Publié le 2018-09-24 | Le Nouvelliste
Culture –
Pierre Clitandre
C’est dans cette ville qui se modernise que nous avons découvert la tombe de Benoît Batraville. C’est une ville propre, avec des édifices à cinq étages et des boutiques standardisées. Elle se réveille dans la vitalité des véhicules de toutes sortes, des motos en particulier. Les marchés informels sont sur les trottoirs. Les églises protestantes poussent ici et là.
Cette ville qui célèbre chaque année saint Louis, Roi de France, est traversée par le fleuve Artibonite. Étalée sous le soleil, elle nous a permis, le samedi 16 septembre 2018, de faire la surprenante découverte de la tombe d’un nationaliste intrépide. On la fréquente souvent, Mirebalais. Pour consommer de l’oxygène pur, pour voir de beaux paysages naturels sur la route du Morne-à-Cabri dont il faut dire, sincèrement : chapeau à feu René Préval!
Construit sous Paul Eugène Magloire
Mais ça, on savait pas! Une idée soudaine! Où se trouve le cimetière de la ville? Un motocycliste a fait le parcours. Et nous voilà parmi les tombes! Le cimetière est délabré. La mairie de la ville, nous dit le vieux gardien, n’a pas les moyens pour son assainissement. Des plantes et lierres poussent et les tombes en sont toutes couvertes. L’espace peut être bien entretenu si l’État met de la volonté pour protéger notre patrimoine historique. Ce n’est pas le cas. Le cimetière de Mirebalais est construit depuis le gouvernement de général “Kanson fè”, Paul Eugène Magloire.

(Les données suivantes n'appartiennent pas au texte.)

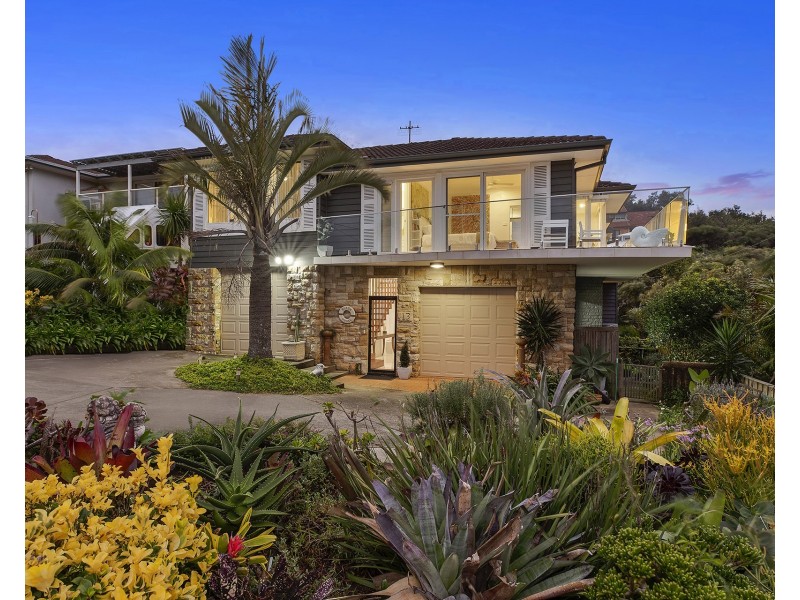 13 Henrys Road, Forresters Beach NSW 2260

C’est dans un décor d’abandon que nous avons demandé:”Y a-t-il des personnalités connues enterrées ici?” Notre vieux guide n’a pas hésité. Il a traversé quelques tombes pour nous montrer celle de Benoît Batraville. Il a dû soulever des plantes sauvages pour nous faire voir un marbre jauni par les intempéries. On y lit:” Ici repose le général de l’armée révolutionnaire Benoît Batraville tué le 9 mars 1920 à l’âge de 45 ans environ.”
Le vieux fusil rouillé
La grande question: Comment tous les gouvernements, depuis 1906, ne se sont-ils pas intéressés à nos sites historiques? Manque de politique culturelle? Frilosité administrative? Effacer la mémoire collective? Ruiner le décor patriotique? Regardez le Champ de Mars!
La tombe de Benoît Batraville a un aspect quelconque, comme une cuve de rude ciment emplie d’eau, par temps de pluie! Notre vieux guide a un regret de gérer ce délabrement. Par cette époque de dénigrement de l’histoire haïtienne. Il retient une larme, le vieux.
Qu’en disent l’État et le secteur privé national? Garder la mémoire historique n’est pas un acte révolutionnaire. C’est archiver l’historiographie universelle.
En reprenant l’allée de sortie, le vieux nous a conseillé d’aller voir Baron-La-Croix. Lui aussi, le Baron, il est dans le délabrement. Pour les autres religions, on comprend. Par contre, nos vodouisants ne peuvent continuer dans le mépris de ceux qui ont combattu pour notre terre natale. On y vient souvent pour des libations personnelles. Pas une minute de silence sur la tombe emplie d’eau par temps de pluie de “Tibenwa” mort avec son vieux fusil rouillé, à 45 ans environ.